Recently there has been much interest in moving objects databases because of their applications in many domains, such as location-based services and traffic management. Moving objects databases store and manage information representing changes in the spatial properties of moving objects over time. Meanwhile, privacy protection has been one of the most important concerns in these databases. In this paper, we study this problem by presenting DPLG, a location generalization approach for moving objects databases that preserves the strong guarantee of differential privacy. Our main goal is to guarantee non-uniform privacy for locations with different privacy protection requirements while being scalable for spatial domains with a large number of locations. For this purpose, we use location generalization in such a way that locations with higher privacy protection requirements are generalized to larger ones. Location generalization also has the advantage that it enables DPLG to reduce the number of locations and, thus, to keep the running time and space requirements as reasonable as possible. We also present two post-processing techniques, namely, consistency constraints enforcement and quality improvement, to have consistent query answers and to reduce query errors caused by location generalization. The quality improvement technique divides the noisy count of each generalized location among the reference locations it contains homogeneously or heterogeneously.

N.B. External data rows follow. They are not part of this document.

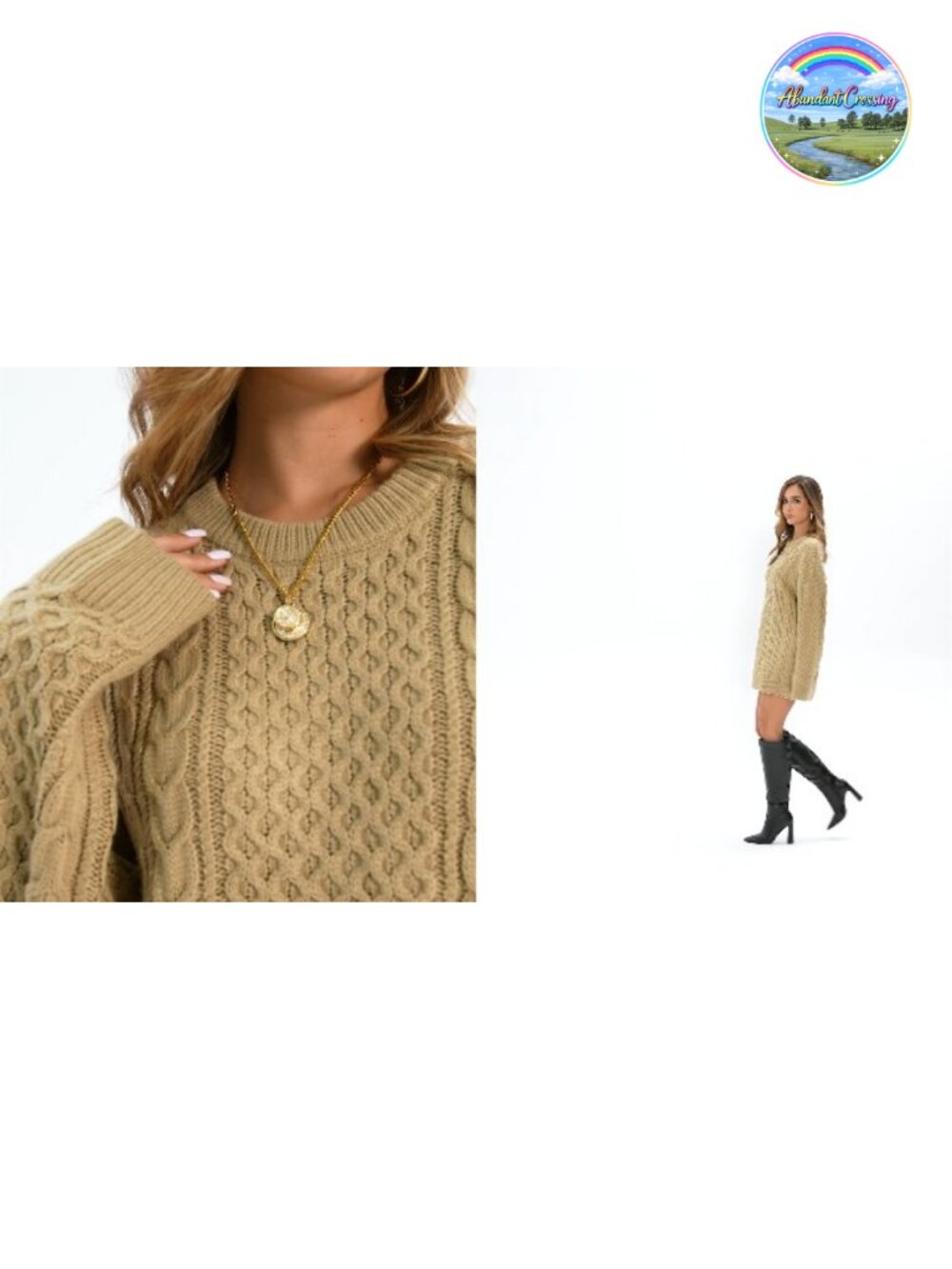 Oversized Chunky Cable Knit Tunic Sweater Crewneck Long Sleeve Women's - Picture 5 of 5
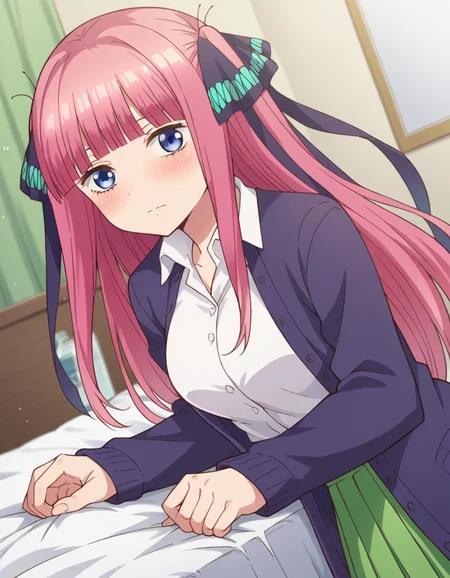 score_9, score_8_up, score_7_up, source_anime,
ninonakano, <lora:nino-nakano-s1-ponyxl-lora-nochekaiser:1>,
nino nakano, long hair, bangs, blue eyes, hair ornament, hair ribbon, pink hair, blunt bangs, two side up, butterfly hair ornament, mature female,
skirt, shirt, long sleeves, white shirt, pleated skirt, open clothes, collared shirt, sleeves past wrists, dress shirt, cardigan, green skirt, open cardigan, black cardigan,
indoors, bed, bed room, on side, blush, drunk,
looking at viewer, cowboy shot, dutch angle, solo,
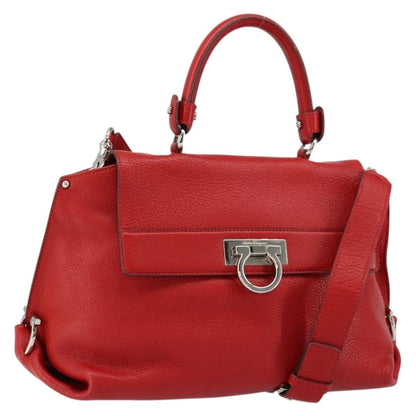 Salvatore Ferragamo Sofia Satchel Grainy Leather, RED, LEATHER, Handbag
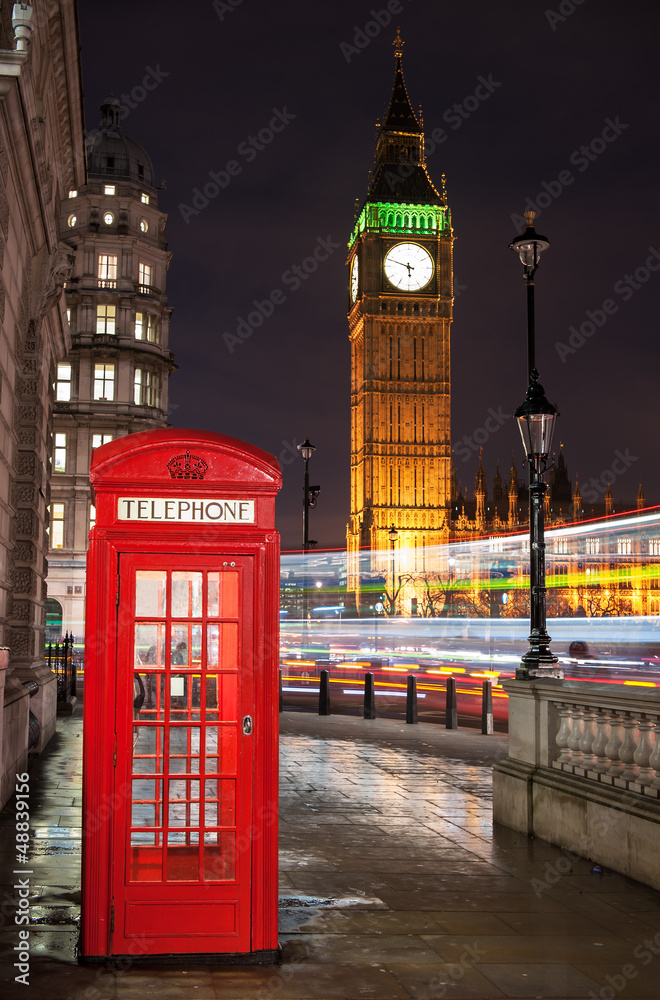 London Telephone Box with Big Ben & Bus Trails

Extensive experiments demonstrate that, in addition to keeping reasonable the running time and space requirements, DPLG improves the utility of query answers for locations with lower privacy protection requirements in comparison to those with higher privacy protection requirements while satisfying differential privacy. • Differential privacy guarantees are combined with location generalization in a unified manner. • Non-uniform privacy guarantees are achieved by generalizing locations while satisfying differential privacy. • Scalability is preserved for spatial domains with a large number of locations. • A quality improvement technique in a post-processing step is proposed to improve the quality of query answers. • A new evaluation measure is defined to quantify the privacy protection provided by both location generalization and differential privacy.